Wieso gestaltet sich die Suche nach neuen Arbeitskräften so schwierig?
Martin Schnellmann: Die Bereitwilligkeit, Nachtbereitschaftsdienst zu leisten, unregelmässige Arbeitszeiten inkl. Wochenenden sind nicht jedermanns/jederfraus Sache. Zudem muss das Ganze immer ins Budget passen, darauf muss man also auch Rücksicht nehmen.
Was möchten Sie verändern?
Martin Schnellmann: Ich werde die Arbeit so weiterführen, wie sie Sabine Wenger aufgegleist hat. Vorher war die Werkstube im Familiensystem geführt. Frau Wenger hat neue Strukturen aufgebaut, es wurde professionalisiert und transparent gestaltet.

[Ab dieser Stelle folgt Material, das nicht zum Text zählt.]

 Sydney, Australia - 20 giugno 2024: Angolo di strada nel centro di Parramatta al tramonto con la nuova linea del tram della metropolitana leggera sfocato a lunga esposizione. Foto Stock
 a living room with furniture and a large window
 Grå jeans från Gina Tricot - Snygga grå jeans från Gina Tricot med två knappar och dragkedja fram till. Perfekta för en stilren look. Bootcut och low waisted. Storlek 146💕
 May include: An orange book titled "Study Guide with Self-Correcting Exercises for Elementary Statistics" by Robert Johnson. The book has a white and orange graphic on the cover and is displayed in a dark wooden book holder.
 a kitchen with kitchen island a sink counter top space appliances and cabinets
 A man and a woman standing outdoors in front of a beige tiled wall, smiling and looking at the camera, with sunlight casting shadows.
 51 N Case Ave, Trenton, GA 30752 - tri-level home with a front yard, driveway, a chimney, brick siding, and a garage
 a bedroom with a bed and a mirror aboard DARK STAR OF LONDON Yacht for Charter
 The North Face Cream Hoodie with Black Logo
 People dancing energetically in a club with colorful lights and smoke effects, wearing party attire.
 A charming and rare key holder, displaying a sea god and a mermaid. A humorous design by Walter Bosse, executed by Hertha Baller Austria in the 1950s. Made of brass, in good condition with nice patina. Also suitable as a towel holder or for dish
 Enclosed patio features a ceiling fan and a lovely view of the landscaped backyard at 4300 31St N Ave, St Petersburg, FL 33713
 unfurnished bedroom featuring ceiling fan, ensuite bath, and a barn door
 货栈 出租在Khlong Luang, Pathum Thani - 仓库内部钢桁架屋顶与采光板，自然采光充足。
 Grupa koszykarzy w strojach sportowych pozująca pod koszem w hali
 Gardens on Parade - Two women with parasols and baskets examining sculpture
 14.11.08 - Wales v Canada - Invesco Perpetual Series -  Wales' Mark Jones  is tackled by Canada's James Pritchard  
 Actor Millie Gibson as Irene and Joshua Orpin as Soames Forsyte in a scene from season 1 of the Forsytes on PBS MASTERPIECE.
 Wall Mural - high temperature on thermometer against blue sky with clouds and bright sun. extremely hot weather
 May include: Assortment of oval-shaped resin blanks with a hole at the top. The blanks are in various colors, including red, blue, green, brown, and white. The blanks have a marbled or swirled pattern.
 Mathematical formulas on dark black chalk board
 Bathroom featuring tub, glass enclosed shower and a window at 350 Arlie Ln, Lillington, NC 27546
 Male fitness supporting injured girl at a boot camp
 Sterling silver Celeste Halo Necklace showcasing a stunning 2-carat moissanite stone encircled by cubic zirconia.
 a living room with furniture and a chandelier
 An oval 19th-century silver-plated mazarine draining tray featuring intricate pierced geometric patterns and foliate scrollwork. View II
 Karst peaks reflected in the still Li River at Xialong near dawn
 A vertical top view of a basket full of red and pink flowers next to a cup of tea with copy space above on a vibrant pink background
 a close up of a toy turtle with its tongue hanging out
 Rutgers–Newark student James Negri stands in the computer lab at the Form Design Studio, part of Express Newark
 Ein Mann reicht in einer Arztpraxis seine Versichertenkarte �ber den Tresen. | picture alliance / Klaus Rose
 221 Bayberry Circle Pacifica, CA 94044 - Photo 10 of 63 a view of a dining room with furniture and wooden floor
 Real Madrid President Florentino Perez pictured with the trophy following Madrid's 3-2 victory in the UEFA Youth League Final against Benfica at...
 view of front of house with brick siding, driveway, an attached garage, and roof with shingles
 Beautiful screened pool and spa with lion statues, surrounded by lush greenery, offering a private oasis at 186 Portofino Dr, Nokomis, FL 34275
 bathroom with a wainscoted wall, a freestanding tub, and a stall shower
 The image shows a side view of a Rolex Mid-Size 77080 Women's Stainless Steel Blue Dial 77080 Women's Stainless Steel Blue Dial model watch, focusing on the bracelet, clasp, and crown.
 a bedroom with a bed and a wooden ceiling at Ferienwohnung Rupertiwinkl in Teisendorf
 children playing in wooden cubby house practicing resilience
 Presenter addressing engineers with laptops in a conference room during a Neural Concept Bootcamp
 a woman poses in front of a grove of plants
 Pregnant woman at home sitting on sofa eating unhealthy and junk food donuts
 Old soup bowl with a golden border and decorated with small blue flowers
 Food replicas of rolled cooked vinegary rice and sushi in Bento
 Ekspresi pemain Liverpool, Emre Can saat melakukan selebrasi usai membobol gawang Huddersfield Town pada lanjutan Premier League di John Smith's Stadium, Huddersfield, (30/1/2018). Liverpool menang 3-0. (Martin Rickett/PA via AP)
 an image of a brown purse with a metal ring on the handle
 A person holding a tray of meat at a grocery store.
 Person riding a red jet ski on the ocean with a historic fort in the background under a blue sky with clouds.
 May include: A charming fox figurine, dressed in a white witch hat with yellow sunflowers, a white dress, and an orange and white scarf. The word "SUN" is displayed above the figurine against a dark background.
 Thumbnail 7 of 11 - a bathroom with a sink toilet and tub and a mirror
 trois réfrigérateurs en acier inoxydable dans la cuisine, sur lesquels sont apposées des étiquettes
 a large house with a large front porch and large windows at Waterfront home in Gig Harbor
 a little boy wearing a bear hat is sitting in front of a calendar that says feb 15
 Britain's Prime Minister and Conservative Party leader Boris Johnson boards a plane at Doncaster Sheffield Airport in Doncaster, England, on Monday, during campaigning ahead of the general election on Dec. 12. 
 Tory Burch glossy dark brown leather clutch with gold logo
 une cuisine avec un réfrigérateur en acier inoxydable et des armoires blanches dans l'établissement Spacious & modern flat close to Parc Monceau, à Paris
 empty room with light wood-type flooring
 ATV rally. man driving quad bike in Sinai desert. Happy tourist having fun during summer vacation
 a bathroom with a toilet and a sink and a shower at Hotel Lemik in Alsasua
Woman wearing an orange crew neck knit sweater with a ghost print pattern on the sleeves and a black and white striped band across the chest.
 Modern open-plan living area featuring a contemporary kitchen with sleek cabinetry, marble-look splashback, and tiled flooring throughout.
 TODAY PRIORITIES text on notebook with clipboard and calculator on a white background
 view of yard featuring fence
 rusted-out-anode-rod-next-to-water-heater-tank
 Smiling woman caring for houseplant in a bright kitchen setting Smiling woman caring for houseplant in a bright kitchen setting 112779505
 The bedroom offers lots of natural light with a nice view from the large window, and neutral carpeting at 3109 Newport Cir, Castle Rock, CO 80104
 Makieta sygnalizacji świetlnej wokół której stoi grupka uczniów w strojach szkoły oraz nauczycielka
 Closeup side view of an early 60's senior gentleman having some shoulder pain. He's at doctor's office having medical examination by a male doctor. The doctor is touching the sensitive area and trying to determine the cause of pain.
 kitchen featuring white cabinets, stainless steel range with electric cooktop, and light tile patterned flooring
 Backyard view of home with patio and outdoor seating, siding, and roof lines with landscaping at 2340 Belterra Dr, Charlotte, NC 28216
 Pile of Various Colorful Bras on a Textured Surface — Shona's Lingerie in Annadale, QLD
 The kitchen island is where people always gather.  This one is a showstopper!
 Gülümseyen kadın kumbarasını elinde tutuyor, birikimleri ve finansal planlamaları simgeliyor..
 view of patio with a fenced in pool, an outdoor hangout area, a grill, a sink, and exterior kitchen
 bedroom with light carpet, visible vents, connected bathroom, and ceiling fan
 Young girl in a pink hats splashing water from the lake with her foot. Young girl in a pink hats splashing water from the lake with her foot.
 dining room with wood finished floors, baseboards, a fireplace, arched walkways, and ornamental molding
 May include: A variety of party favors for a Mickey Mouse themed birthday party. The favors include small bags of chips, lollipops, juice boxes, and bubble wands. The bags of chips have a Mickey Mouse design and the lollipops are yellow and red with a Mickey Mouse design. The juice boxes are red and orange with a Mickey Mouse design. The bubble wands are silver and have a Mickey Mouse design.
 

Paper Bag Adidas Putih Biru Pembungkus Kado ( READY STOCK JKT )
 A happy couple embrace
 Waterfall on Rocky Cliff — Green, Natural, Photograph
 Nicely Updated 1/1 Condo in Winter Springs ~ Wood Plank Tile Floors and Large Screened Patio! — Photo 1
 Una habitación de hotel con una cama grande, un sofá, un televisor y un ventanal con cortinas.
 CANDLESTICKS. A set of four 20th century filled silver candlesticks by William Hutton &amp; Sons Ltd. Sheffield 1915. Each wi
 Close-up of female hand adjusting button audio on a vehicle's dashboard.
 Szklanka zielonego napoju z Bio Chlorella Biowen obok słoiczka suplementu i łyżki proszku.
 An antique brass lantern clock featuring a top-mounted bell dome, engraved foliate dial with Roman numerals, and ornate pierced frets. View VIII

Der Prozess ist allerdings noch nicht abgeschlossen. Ich werde dies weiterführen und konsolidieren.
Wie lautet Ihr Leitbild, Ihre Philosophie?
Martin Schnellmann: Mir persönlich ist die Qualität sehr wichtig. Professionalität bedingt und bedeutet Transparenz und Qualität. In der Güte, der Kultur, der Haltung und der Ausführung der Arbeit misst sich die Qualität. Auch der Umgang mit den Bewohnern und den Mitarbeitern ist mir wichtig. Ich will mit offenen Augen, Ohren und Armen auf die Leute zugehen. Die Werkstube soll anhand der Möglichkeiten und Rahmenbedingungen, die sich uns bieten, entwickelt und ausgebaut werden. Schritt für Schritt, sodass die Bewohner immer mehr in die Selbstbestimmtheit kommen können.
Wo sehen Sie die Werkstube in zehn Jahren?
Martin Schnellmann: Ich stelle mir eine moderne Werkstube vor, die offen für ein Miteinander mit anderen Institutionen ist. Beispielsweise mit dem benachbarten Kindergarten einen gemeinsamen Mittagstisch durchführen. Vielleicht gibt es aber auch eines Tages gar kein Heim in der jetzigen Form mehr, sondern Wohngruppen, in denen die Bewohner selbst bestimmen können. Egal, was die Zukunft genau bringt, es muss mehr in Richtung Selbstbestimmung der Betroffenen gehen. Dafür müssen die Politik sowie die Gesellschaft erkennen, dass Menschen mit Behinderung die gleichen Bedürfnisse und Berechtigungen haben wie wir.